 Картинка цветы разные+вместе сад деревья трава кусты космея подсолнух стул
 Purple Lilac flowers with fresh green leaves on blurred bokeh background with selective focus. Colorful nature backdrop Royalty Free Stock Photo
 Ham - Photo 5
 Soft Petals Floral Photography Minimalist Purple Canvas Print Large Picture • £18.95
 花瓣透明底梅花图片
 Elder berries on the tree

-----

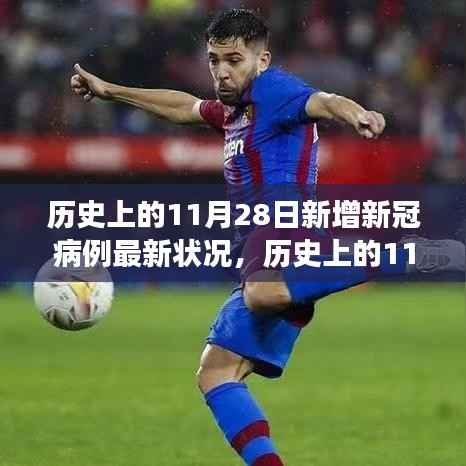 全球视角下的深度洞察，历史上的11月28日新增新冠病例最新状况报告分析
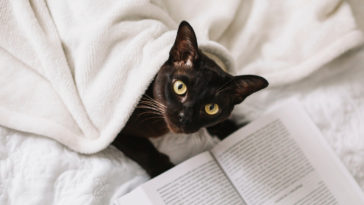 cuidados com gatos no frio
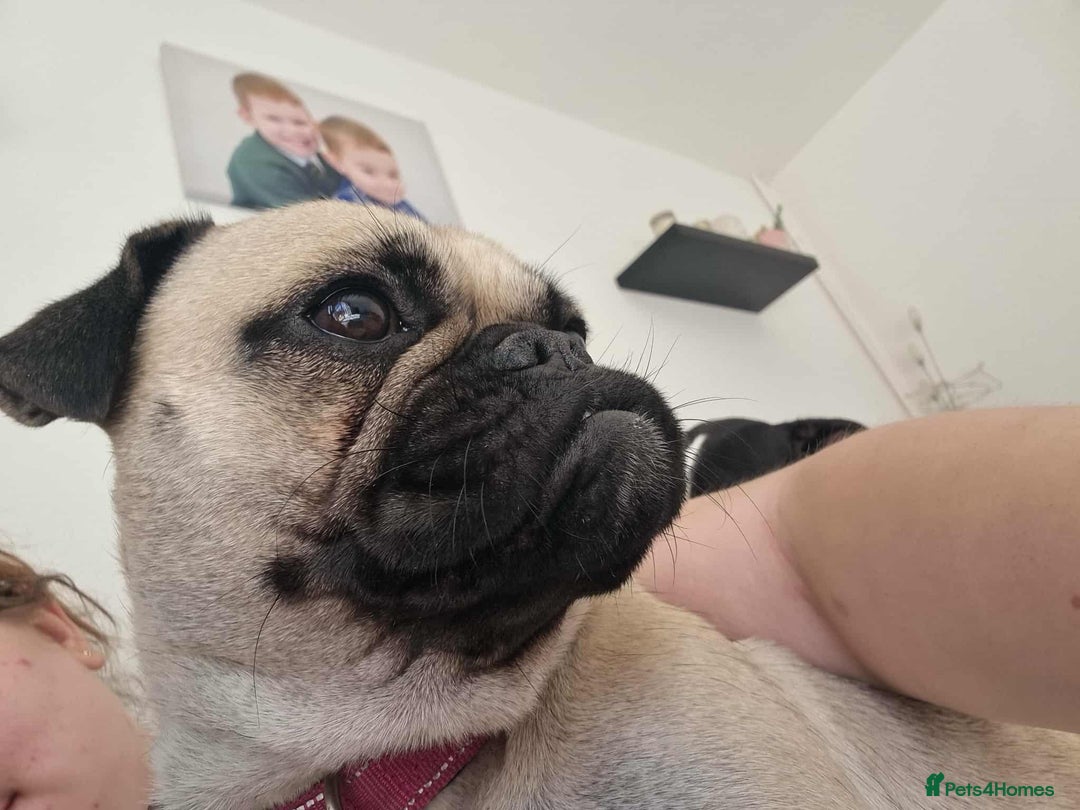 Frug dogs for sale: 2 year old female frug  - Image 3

-----

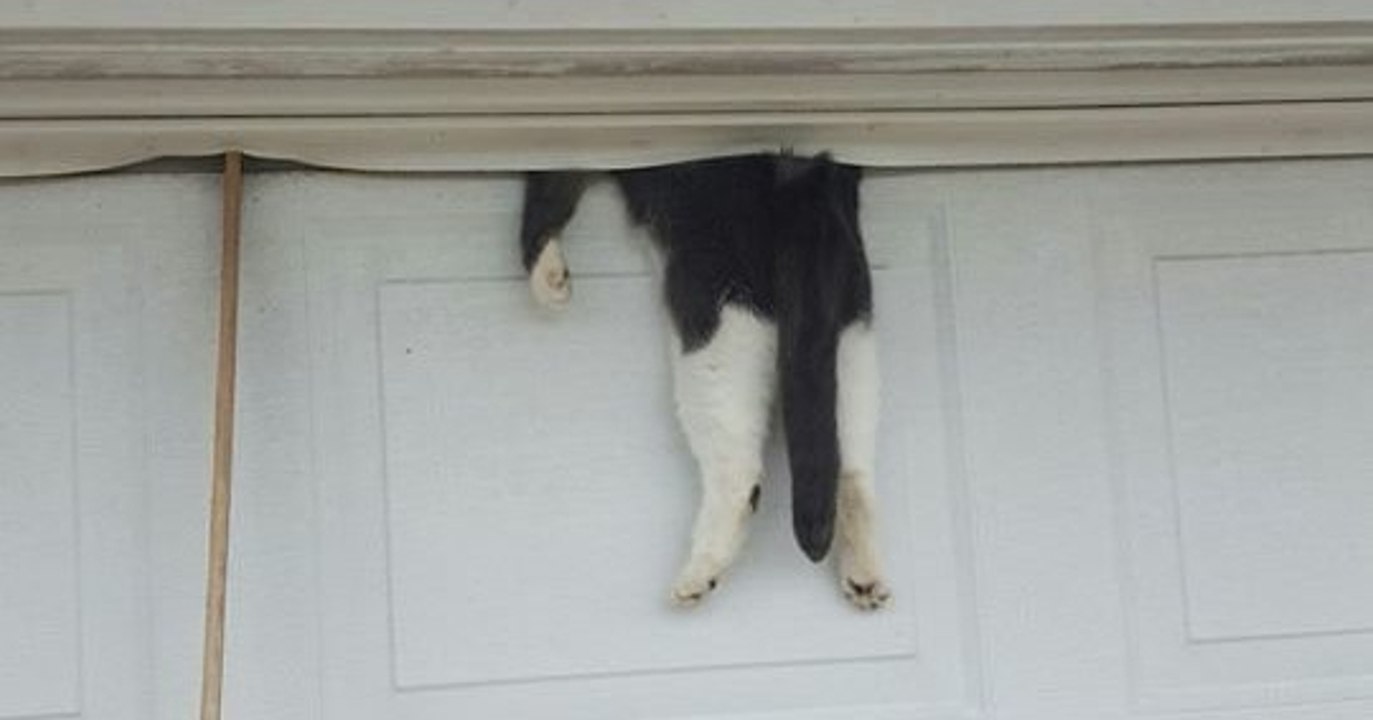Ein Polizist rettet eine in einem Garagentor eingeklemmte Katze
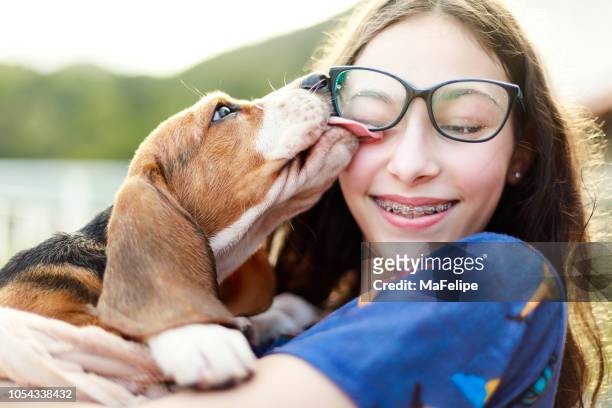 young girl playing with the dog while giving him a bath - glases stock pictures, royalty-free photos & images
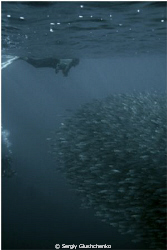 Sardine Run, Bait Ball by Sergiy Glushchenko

-----

# What you need to do
With the line holding "Картинка цветы разные+вместе" as the first and the line holding "Elder berries on the tree" as the last, set down that range of the entries above exactly, and nothing else.

# Response for this exercise
 Картинка цветы разные+вместе сад деревья трава кусты космея подсолнух стул
 Purple Lilac flowers with fresh green leaves on blurred bokeh background with selective focus. Colorful nature backdrop Royalty Free Stock Photo
 Ham - Photo 5
 Soft Petals Floral Photography Minimalist Purple Canvas Print Large Picture • £18.95
 花瓣透明底梅花图片
 Elder berries on the tree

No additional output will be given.